Wall Street Journal Fedwatcher Nick Timiraos is out with his latest Fed preview and it doesn’t include any kind of leak about a potential cut. Instead, he highlights that the Fed will set the table for a September cut without pre-committing. That’s a consensus view given that Sept is fully priced in, including a small chance of a 50 bps cut.
“The Fed’s newfound readiness to cut rates reflects three factors: better news on inflation, signs that labor markets are cooling and a changing calculus of the dueling risks of allowing inflation to remain too high and of causing unnecessary economic weakness,” he writes.
- Fed officials unlikely to change rates at July meeting, but could signal potential September cut
- “Officials have grown more wary of waiting too long and blowing a soft landing”
- Inflation progress and cooling labor market shifting Fed’s risk calculus
- Core inflation down to 2.6% in June from 4.3% a year ago
- Unemployment rate up to 4.1% in June from 3.7% at end of last year
- NY Fed’s Williams: “There is a decision ahead of us at some point” on lowering rates
- Fed’s Waller: Labor market in “sweet spot,” needs to be maintained
- Chicago Fed’s Goolsbee hints at argument for cuts: “We have tightened a lot since we’ve been holding at this rate”

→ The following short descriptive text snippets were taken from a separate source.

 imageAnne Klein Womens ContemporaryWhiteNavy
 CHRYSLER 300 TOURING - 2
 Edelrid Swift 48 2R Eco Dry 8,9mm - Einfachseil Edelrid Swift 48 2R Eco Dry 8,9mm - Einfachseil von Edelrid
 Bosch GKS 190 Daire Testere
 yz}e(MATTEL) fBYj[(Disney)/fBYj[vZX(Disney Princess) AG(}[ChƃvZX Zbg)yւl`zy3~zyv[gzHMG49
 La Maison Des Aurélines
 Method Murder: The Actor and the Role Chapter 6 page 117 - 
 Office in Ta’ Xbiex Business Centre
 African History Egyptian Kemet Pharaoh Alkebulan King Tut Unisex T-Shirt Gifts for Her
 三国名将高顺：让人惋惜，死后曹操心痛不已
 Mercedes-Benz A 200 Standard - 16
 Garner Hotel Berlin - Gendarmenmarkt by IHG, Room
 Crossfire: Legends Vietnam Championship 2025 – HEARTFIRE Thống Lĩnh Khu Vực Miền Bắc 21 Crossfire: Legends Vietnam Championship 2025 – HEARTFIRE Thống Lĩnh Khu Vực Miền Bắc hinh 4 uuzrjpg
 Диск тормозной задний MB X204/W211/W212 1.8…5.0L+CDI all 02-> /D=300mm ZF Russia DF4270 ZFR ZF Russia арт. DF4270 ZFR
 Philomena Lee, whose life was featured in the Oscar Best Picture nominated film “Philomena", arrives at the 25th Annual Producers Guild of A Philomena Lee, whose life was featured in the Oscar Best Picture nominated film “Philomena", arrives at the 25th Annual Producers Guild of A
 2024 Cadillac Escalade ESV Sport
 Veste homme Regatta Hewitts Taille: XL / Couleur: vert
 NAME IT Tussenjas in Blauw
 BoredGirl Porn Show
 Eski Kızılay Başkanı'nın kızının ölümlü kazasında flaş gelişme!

- SF Fed’s Daly cautions: “We’re not at price stability yet”
I wouldn’t expect any strong hints of action in the statement but even incremental signals will be seen as validation, given that the Fed knows what’s priced into the market. In contrast, the Fed could look to push back at the 100% pricing for Sept to given themselves some optionality, especially in light of Friday’s strong GDP report.